DATA SHOWN:
******

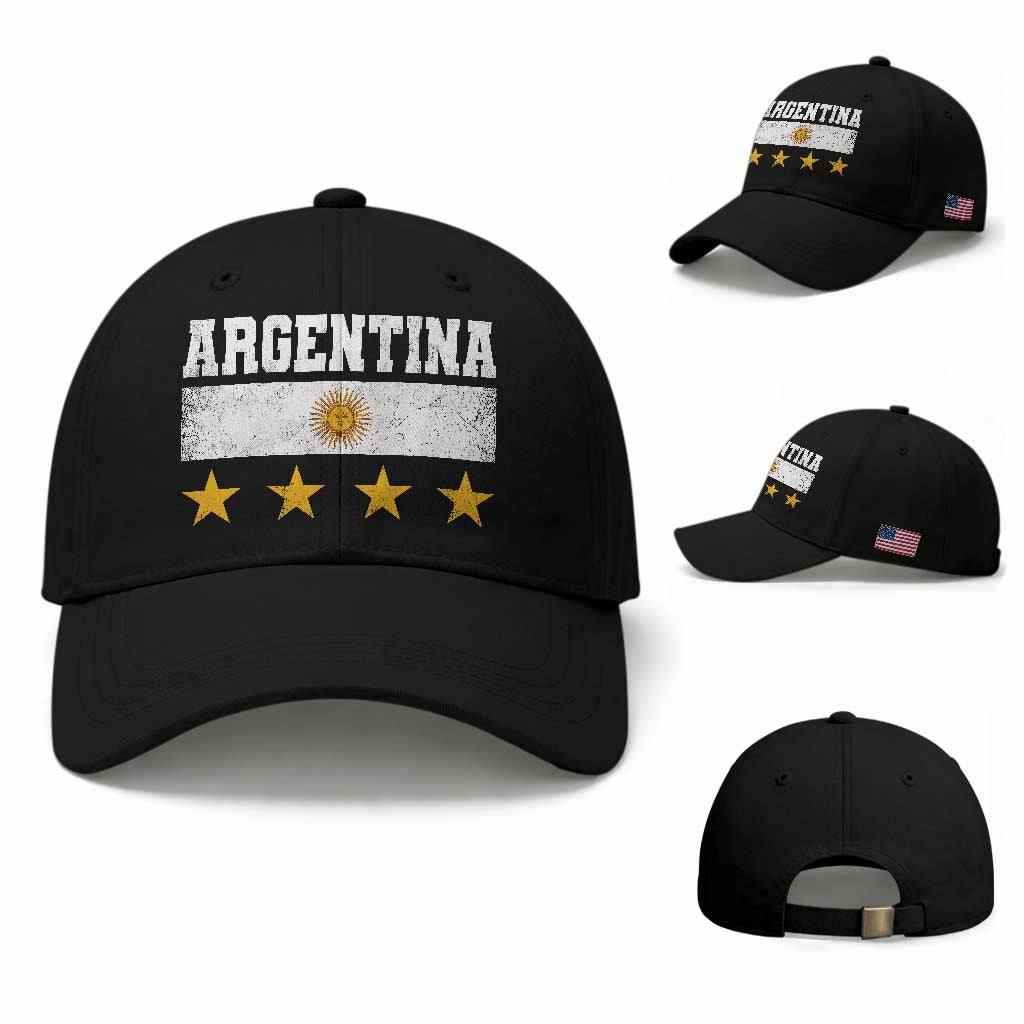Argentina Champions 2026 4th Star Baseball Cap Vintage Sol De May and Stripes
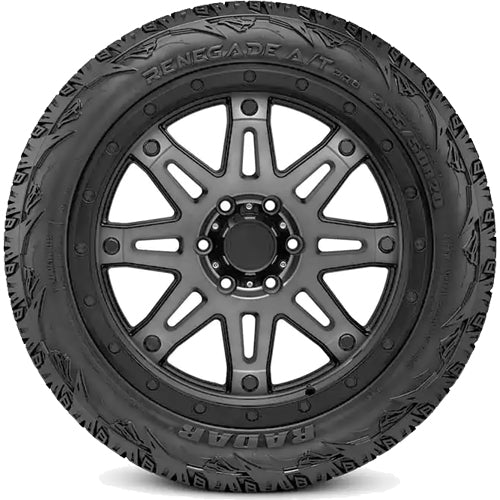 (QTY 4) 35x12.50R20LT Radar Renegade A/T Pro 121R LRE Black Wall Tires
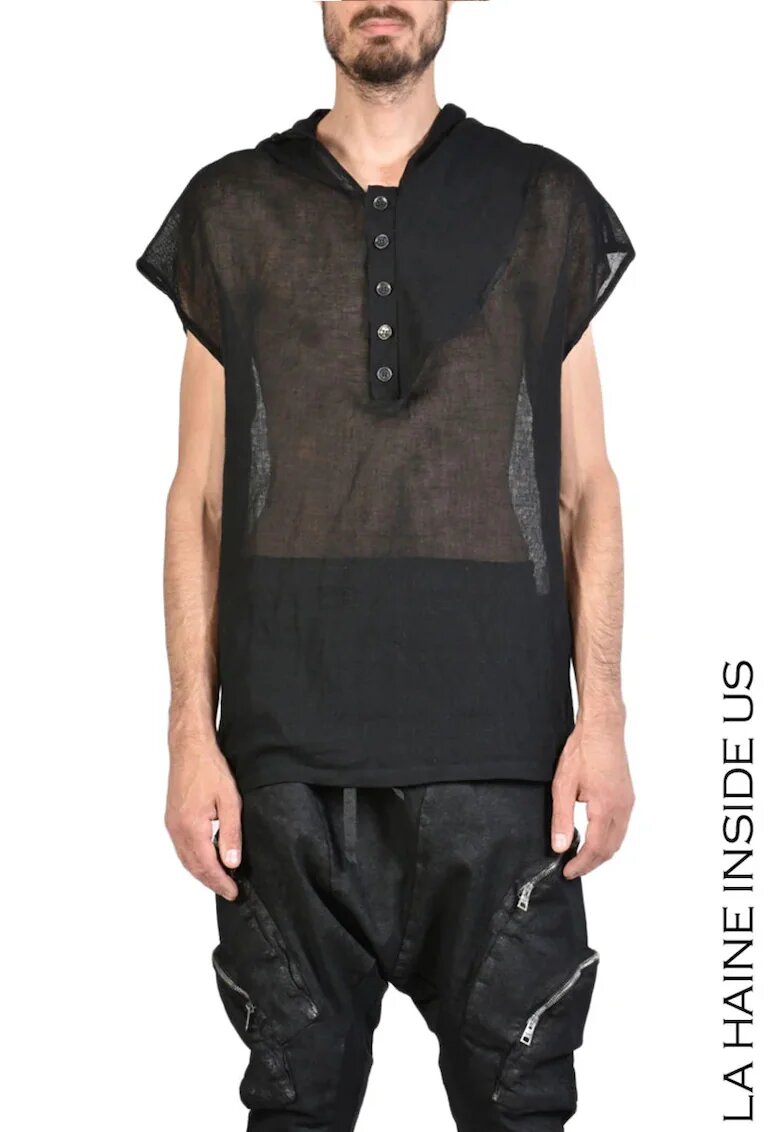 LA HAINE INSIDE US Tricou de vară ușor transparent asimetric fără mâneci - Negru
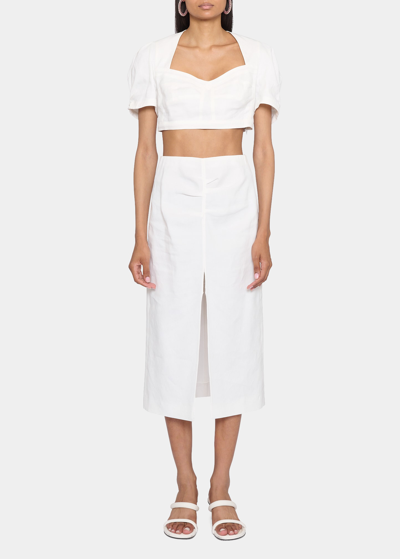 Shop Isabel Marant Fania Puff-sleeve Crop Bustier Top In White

******

TASK TO CARRY OUT: Write out again exactly the lines from the start of the data above through the line containing "LA HAINE INSIDE", inclusive, excluding any pictures.

SOLVED EXERCISE:
Argentina Champions 2026 4th Star Baseball Cap Vintage Sol De May and Stripes
 (QTY 4) 35x12.50R20LT Radar Renegade A/T Pro 121R LRE Black Wall Tires
 LA HAINE INSIDE US Tricou de vară ușor transparent asimetric fără mâneci - Negru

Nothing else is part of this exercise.